IS Your Team Really High Performance TEAM?

Most staff team buildings events are not really organised to build better teams… the team building experience its really to improve the culture, relationships, diversity conflict reduction, and improve organizational energy and potential.

In the book The Wisdom of Teams, by Jon Katzenbach and Douglas Smith  they   define a team as…

“a small number of people with complementary skills who are committed to a common purpose, performance goals, and approach for which they hold themselves mutually accountable.”

These are the key components to creating what they call a “real” team, as opposed to a group of individuals who are working together.

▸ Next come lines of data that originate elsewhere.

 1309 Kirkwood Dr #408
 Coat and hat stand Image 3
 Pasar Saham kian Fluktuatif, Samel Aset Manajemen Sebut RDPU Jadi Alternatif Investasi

They studied teams in dozens of organizations and determined these were the common elements among the real teams that were highly successful.  If you are going to be doing some kind of staff team building. So let’s take a closer look at these characteristics.

 

  • Small number – Smaller groups have fewer logistical issues with meeting often enough for them to form a real team.  In a small group, each person’s contributions and responsibilities are clear, whereas larger groups have a more difficult time organically determining those responsibilities.
  • Complementary skills – The members of the team have to have all of the necessary skills for them to achieve their goal.  This requirement is somewhat less important than the others, as the authors observe that real teams give their members the incentive to go learn the skills they need for the team to be successful.
  • Common purpose – Everybody on the team has to believe in a common goal.  Teams in the process formation often require a great deal of communication and negotiation to agree on their common goal, but until the overall purpose is clear, the team can not move forward.
  • Performance goals – The team must translate the common purpose into specific and measurable short-term goals.  These goals give the team a chance to bind together in the pursuit of the goals, and create situations where all team members must contribute in order to achieve the goals.  The goals also provide chances to celebrate small wins along the way towards the larger purpose
  • Common approach – How does the team accomplish its goals?  Who takes care of necessary logistics?  The answers to these questions must be articulated for the team to continue moving towards its larger purpose, and not get mired in process and procedure.
  • Mutual accountability – This is the big one in my opinion.  Teams have to feel accountable for their results as a team, not as a group of individuals.  The idea that the team can fail but that an individual team member has succeeded is incompatible with a real team.  But when a team really believes in its purpose and performance goals, it will often hold itself to standards far beyond what the organization is expecting of it.